Face the futureThe ongoing crises present a good opportunity for the rise of a new political force in Nepal
Krishna K Shrestha & Hemant R Ojha
The movement led by the Madhesis in the Tarai has crossed 100 days, and more than 50 people have already been killed in the protests. Yet, there is no amicable solution in sight. An increasing number of people are, for right reasons, deeply disappointed with the government and its ineffective response to the crisis, including the blockade. The hopes of the people have been dashed by negative politics. The ongoing political crises, however, are rooted in the failure of the political parties to lead the country.
All major political parties that have been active in Nepal after the restoration of democracy in 1990 have had serious problems. The largest party, Nepali Congress, which has ruled for over 80 percent of the time after 1990, has failed to provide clear leadership to the nation, let alone pave a pathway for development. Similarly, CPN-UML, the second largest party heading the current government, remains insensitive to the issues of inclusion. And despite the much applauded patriotic stance of the current PM KP Oli, the UML has failed to engage in mature diplomatic dealings with the two giant and strategically important neighbours, India and China. The UCPN (Maoist) party, despite ushering landmark political changes in the country in the last 15 years, has itself broken into half a dozen splinter groups, with the Prachanda-led faction struggling to regain its position. Meanwhile, the Tarai-based political parties are championing the cause of Madhesis. But as they have a narrow focus on issues related to regional identity, they have failed to present themselves as national-level political forces. The Rastriya Prajatantra Party-Nepal is obsessed with Panchayat legacies.
Over the years, ethnic politics has gained prominence in Nepali politics. Yet, it
has failed to unify political forces across the country. All of these suggest that Nepal is failing due to the lack of effective political leadership. This dire situation poses a serious question—does Nepal have a political party or a competent leadership that can live up to people’s aspirations by ameliorating heightened anxiety, hopelessness and anger among the public? The answer is a simple ‘No’. This critical juncture in Nepali politics and society, therefore, presents an opportunity to bring about transformative changes. There is the real need for a new or alternative political force radically different from the old ones in terms of values, visions, principles, procedures and organisation.
A to-do list
Political leadership is about competent, inspiring and strategic individuals (or a group of individuals) who are fit to and can indeed lead. A new leadership will have to emerge from the existing political parties, civil society movements, academia and the grassroots. Such a movement is unlikely to be similar to the Aam Aadmi Party in India. But it could be a regrouping of ‘good’ people who can lead. They can come from left, centre or the right. What such a new party essentially needs is an entirely new way of doing politics. We believe the new party should embrace at least seven critical principles.

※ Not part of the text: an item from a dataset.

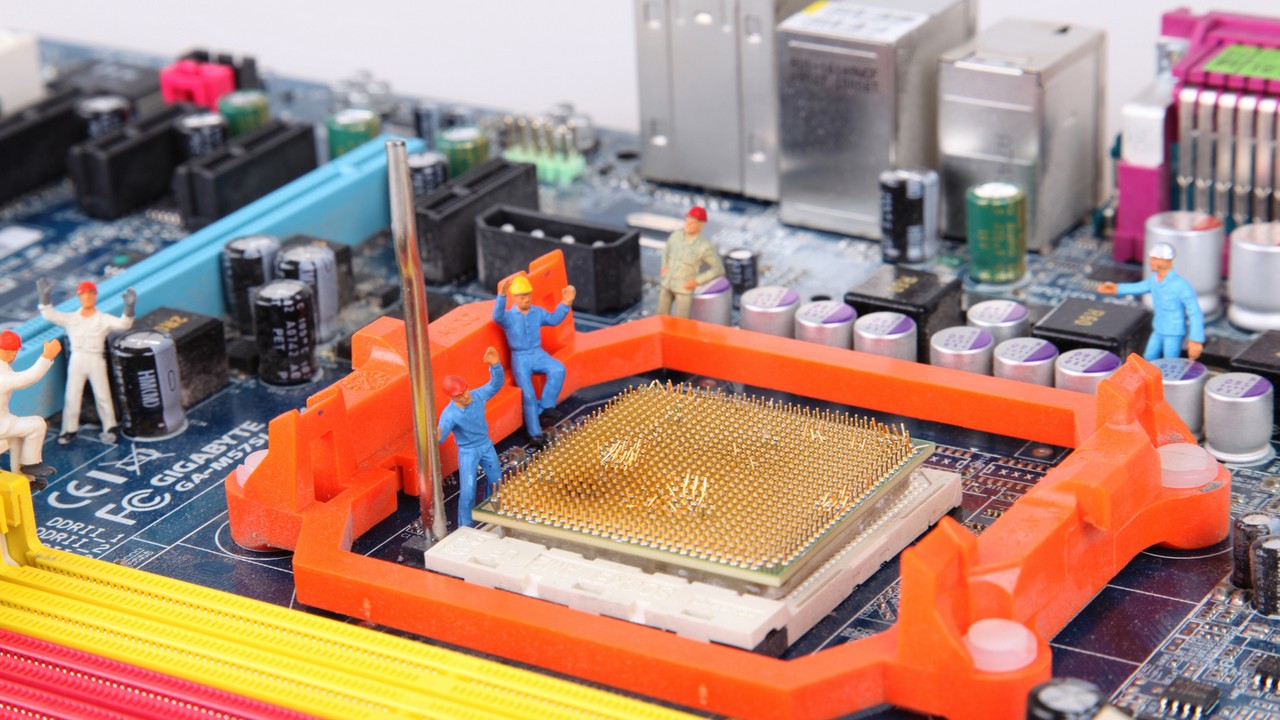 CPU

First, the new leaders need to be able to demonstrate strong leadership to the people through the use of knowledge and evidence. The new force must express deep commitment to knowledge as an overarching principle of its political organisation.
Second, it needs to implement a truly inclusive and engaging model of politics. This can be done by ensuring the inclusion of diverse sections of society in senior party leadership positions. The new party should foster deliberative politics between the elected leaders and the people so as to ensure that legitimate voices are incorporated in every policy decision.

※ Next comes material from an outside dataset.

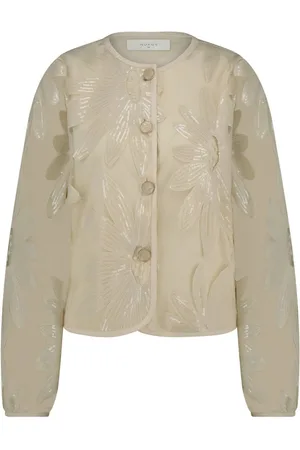 NUKUS Dames, Blouses & Shirts, , Maat: M Poliester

Third, the new leadership requires a strong sense of reflexivity with regard to recognising and acknowledging past failures and successes. They need to be committed to transformative politics for prosperity, consciously informed by their experience.

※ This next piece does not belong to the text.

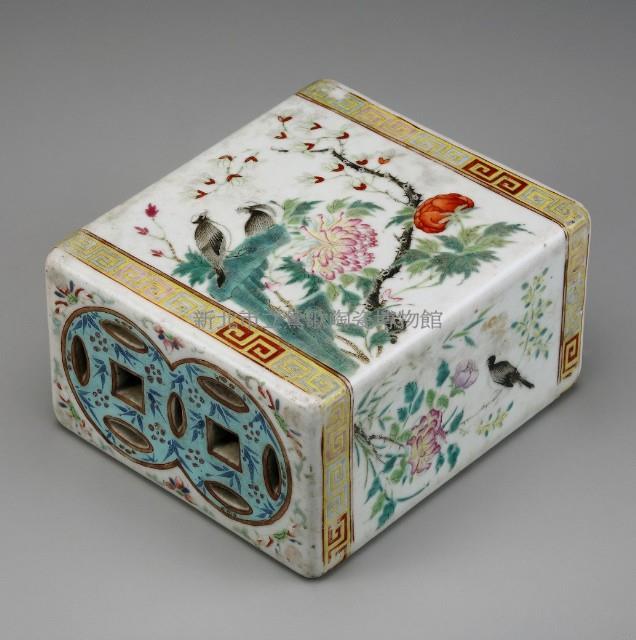 粉彩枕頭藏品圖，第1張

Fourth, the new force should balance the relations between India and China, not India or China. It should have demonstrated capacity to manage geopolitical relations and harness the strategic opportunity that India and China present to Nepal.
Fifth, the new party should promote strong internal democracy with open debating forums to make sure that every decision takes all existent facts, consequences and alternatives into account. This means, the new party should be taken as a learning organisation with capacity-building deeply embedded in it. Moreover, party cadres and leaders should have clear and well thought out plans to earn their livelihood and economic necessities to avoid corruptive practices. Transparent procedures are needed for allocating power and responsibilities among the leaders and cadres, while also putting mechanisms in place for expressing, deliberating and managing conflicts within the party.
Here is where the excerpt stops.